En termes de servitude volontaire, nous avons atteint les six milliards. En termes de critique, nous sommes à zéro. Il est presque incroyable d’entendre des soupirs de nostalgie vis-à-vis du mouvement anarchiste du passé lointain être accompagnés des foudres contre ceux qui continuent aujourd’hui à «  faire des polémiques  ». Quiconque se donnerait la peine de feuilleter la presse subversive du passé, ce glorieux passé tant regretté, découvrirait que la très grande majorité de l’espace était dédiée à des polémiques d’une violence presque brutale, (par rapport auxquelles celles d’aujourd’hui sont rares et d’inoffensifs passe-temps). Cela ne donne-t-il pas à réfléchir aux œcuménistes actuels  ? Ce n’est pas le débat fervent qui est la cause de la misérable situation dans laquelle verse aujourd’hui le mouvement, mais plutôt le débat éteint, déserté, absent. La furie qui déborde des vieux journaux anarchistes est l’expression de la vitalité de ce mouvement, composé d’êtres humains en chair et en os, prêts à se battre pour leurs idées jusqu’à la mort. Le calme qui trône (et qui est exigé) aujourd’hui est l’expression de l’absence d’idées omniprésente dans le mouvement.

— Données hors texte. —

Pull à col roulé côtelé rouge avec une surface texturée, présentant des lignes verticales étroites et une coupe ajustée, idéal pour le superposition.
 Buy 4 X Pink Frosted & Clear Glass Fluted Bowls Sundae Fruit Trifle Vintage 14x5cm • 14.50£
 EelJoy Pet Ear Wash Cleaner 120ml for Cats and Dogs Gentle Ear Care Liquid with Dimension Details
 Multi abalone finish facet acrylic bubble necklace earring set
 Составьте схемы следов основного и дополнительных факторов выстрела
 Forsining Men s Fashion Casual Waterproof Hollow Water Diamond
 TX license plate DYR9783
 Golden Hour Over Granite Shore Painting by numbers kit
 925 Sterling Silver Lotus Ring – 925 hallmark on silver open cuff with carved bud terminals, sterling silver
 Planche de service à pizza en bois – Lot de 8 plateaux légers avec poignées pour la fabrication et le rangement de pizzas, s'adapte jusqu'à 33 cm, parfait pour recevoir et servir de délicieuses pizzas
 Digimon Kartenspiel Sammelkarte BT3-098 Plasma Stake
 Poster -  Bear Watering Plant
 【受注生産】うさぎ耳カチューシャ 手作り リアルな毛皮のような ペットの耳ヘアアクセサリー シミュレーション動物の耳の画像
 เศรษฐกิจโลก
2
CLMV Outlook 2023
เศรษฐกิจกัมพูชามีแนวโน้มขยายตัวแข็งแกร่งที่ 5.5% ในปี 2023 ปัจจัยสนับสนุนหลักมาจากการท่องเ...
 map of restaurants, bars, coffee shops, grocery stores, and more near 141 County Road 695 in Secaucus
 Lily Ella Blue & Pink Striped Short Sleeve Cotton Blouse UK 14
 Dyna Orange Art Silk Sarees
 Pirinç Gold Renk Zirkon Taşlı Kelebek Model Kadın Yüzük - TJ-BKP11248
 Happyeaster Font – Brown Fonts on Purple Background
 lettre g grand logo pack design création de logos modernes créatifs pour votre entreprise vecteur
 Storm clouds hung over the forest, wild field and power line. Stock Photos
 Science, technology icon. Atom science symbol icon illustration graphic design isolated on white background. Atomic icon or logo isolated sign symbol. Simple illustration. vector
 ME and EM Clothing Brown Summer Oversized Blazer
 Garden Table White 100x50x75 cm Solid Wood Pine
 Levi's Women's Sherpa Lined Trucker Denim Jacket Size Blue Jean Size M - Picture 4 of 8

«  Dans la mesure où elle augmente notre capacité et notre volonté d’autocritique, elle élève également le niveau de notre critique  », disait quelqu’un. Le contraire est tout aussi vrai  : le niveau de notre autocritique s’abaisse dans la mesure où s’abaissent notre capacité et notre volonté de critique. Un regard critique est un regard qui veut améliorer et s’améliorer. Pour cela il ne cherche pas les qualités dont se féliciter, mais les défauts sur lesquels s’interroger. N’importe où, partout, chez quiconque. Un regard vaniteux et apologétique déteste les défauts. Il n’a d’yeux que pour les qualités. Il ne veut rien améliorer, il veut se complaire, se contempler, se faire reconnaître et aduler. Ne cherchant pas les défauts, il tend à ne développer aucune faculté critique. Ni vers les autres, ni vers lui-même.
Dans une photo prise pendant la révolution espagnole, on voit certaines personnes devant un étal de livres. Des enfants, des jeunes, des vieux. Des générations entières, les yeux brillants devant ces objets magiques, ayant accouru vers l’idée qui donnait un sens à la vie. Aujourd’hui, au cours des initiatives les étals de livres sont ignorés par les compagnons, utilisés pour y poser les bouteilles de bière. Avec le dépérissement de la conscience, dépérit aussi la conscience. Quand on ne possède plus la capacité de critiquer (et donc d’auto-critiquer), il est évident que diminue également la volonté – et vice versa. Quand elle n’est pas alimentée, la pensée critique s’atrophie et disparaît.
À sa place surgit la rhétorique, cette déclamation pompeuse, vide et mobilisatrice qui est en train de se diffuser un peu partout. La rhétorique ne bouscule pas avec des observations acérées, elle caresse avec des expressions envoûtantes. Voilà pourquoi elle est bien accueillie par tous, parce qu’elle ne met rien en discussion. Elle incite à aller de l’avant sans se poser d’interrogations, c’est-à-dire sans penser. Qu’y a-t-il de plus gratifiant, s’entendre dire «  tu as fait une erreur  » ou bien «  tu es beau comme le soleil  »  ? Il n’y a aucun doute. Voilà pourquoi le succès de la rhétorique est assuré, tout comme l’hostilité pour la critique. Pourtant il n’y a que la critique qui fasse grandir, dans le meilleur des cas la rhétorique fait gonfler, elle fait planer tant qu’on a le vent en poupe.